**GIVEN MATERIAL**
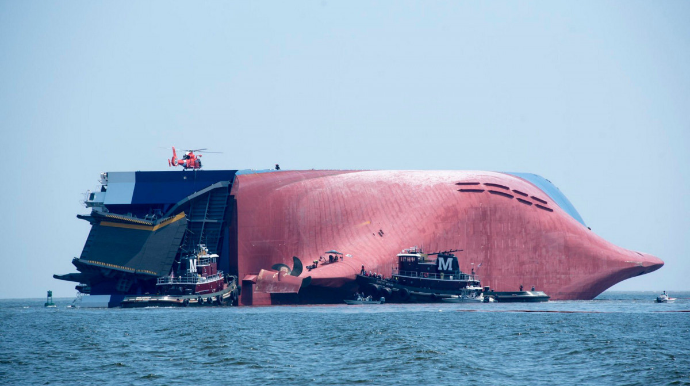 Yaponiya sahillərində kimyəvi yüklü tanker çevrilib 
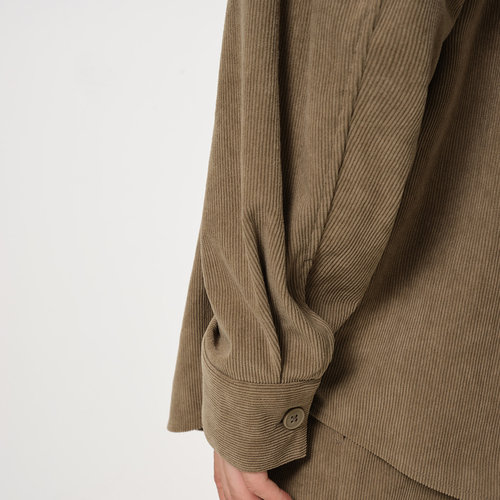 MODE COMMUTER| MC竖绒条灯芯绒休闲翻领长袖衬衫 - 图3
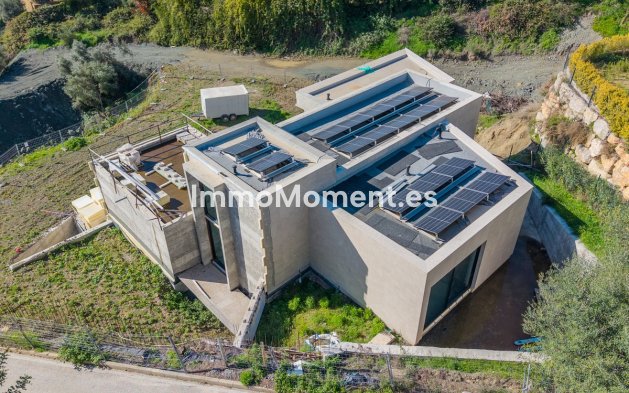 Detached villa - Resale - Benahavís - Benahavís Centro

**WHAT THIS TASK INVOLVES**
Print all the material above exactly, and drop the images.

**TASK RESULT**
 Yaponiya sahillərində kimyəvi yüklü tanker çevrilib 
 MODE COMMUTER| MC竖绒条灯芯绒休闲翻领长袖衬衫 - 图3
 Detached villa - Resale - Benahavís - Benahavís Centro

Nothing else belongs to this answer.